(Supplied material Opens)
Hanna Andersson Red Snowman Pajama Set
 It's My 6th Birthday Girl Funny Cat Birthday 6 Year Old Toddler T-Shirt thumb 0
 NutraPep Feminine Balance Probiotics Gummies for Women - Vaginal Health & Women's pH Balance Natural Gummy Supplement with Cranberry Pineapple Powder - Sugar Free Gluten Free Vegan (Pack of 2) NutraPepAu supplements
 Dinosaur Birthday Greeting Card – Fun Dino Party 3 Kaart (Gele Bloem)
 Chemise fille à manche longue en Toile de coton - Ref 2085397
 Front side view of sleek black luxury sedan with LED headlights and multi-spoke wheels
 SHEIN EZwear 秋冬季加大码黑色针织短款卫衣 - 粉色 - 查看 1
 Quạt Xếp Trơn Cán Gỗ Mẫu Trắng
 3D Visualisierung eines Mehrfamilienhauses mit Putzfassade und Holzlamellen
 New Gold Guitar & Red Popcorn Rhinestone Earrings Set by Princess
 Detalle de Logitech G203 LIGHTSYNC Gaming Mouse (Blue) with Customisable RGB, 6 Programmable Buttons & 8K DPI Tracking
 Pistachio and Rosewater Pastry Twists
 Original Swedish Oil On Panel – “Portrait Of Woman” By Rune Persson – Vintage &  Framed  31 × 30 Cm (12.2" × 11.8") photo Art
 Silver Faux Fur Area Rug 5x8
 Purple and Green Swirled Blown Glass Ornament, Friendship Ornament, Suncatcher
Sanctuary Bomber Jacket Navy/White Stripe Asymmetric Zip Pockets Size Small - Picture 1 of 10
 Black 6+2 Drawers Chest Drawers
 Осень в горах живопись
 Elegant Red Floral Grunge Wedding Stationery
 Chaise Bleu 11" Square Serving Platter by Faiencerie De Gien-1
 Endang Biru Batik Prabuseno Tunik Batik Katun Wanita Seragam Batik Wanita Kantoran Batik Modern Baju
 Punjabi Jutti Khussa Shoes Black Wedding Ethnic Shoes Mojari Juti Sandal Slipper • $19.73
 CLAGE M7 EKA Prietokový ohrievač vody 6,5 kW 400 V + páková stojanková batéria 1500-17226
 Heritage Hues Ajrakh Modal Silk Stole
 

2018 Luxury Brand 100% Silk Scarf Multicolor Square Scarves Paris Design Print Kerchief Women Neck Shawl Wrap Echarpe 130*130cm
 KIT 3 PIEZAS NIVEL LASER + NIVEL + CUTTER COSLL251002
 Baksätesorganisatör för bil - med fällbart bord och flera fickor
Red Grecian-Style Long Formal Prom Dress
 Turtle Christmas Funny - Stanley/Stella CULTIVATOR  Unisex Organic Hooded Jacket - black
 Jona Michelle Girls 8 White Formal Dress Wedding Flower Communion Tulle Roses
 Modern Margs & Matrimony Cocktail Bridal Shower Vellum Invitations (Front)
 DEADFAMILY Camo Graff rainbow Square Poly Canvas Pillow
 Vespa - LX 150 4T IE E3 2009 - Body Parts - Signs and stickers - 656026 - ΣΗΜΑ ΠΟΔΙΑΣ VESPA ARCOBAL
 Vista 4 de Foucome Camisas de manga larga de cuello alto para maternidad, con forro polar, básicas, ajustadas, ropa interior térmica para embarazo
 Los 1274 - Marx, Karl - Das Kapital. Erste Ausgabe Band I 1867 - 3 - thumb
(Supplied material Closes)
* What the task requires *
Looking at the records above, count the lines with the word "Wedding" in them; reply with the number only.

* Answer for this exercise *
3